▸ Dataset entries:
========
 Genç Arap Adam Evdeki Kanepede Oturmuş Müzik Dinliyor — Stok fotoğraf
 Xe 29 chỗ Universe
========
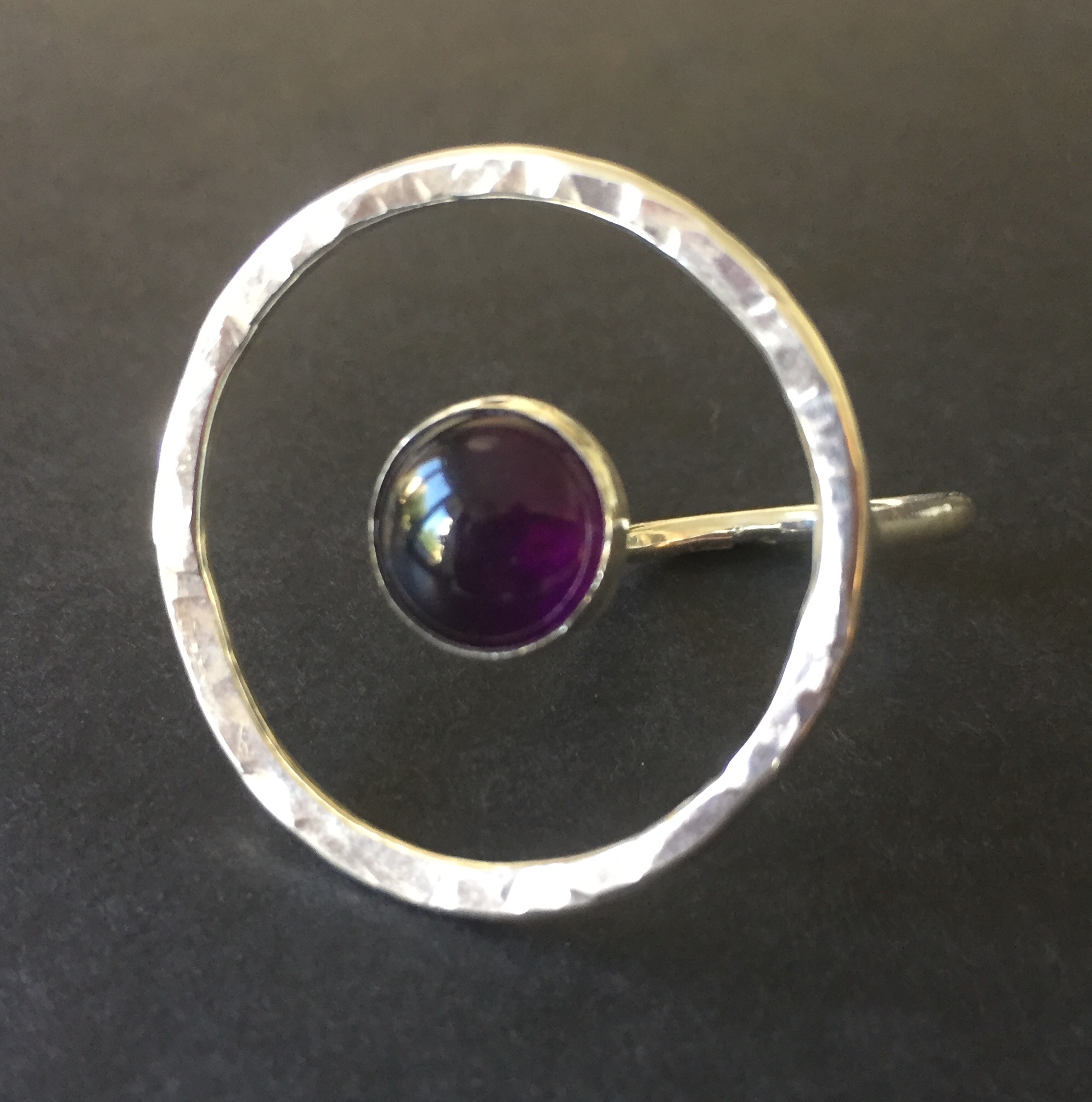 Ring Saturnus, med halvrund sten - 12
========
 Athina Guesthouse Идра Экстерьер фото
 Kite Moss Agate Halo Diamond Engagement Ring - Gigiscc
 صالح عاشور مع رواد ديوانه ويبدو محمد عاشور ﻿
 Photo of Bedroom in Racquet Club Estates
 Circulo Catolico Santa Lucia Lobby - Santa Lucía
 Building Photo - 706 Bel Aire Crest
========
▸ Task to carry out:
Those lines of the records that contain the string "Photo" should be identified and copied.

▸ Answer section:
 Photo of Bedroom in Racquet Club Estates
 Building Photo - 706 Bel Aire Crest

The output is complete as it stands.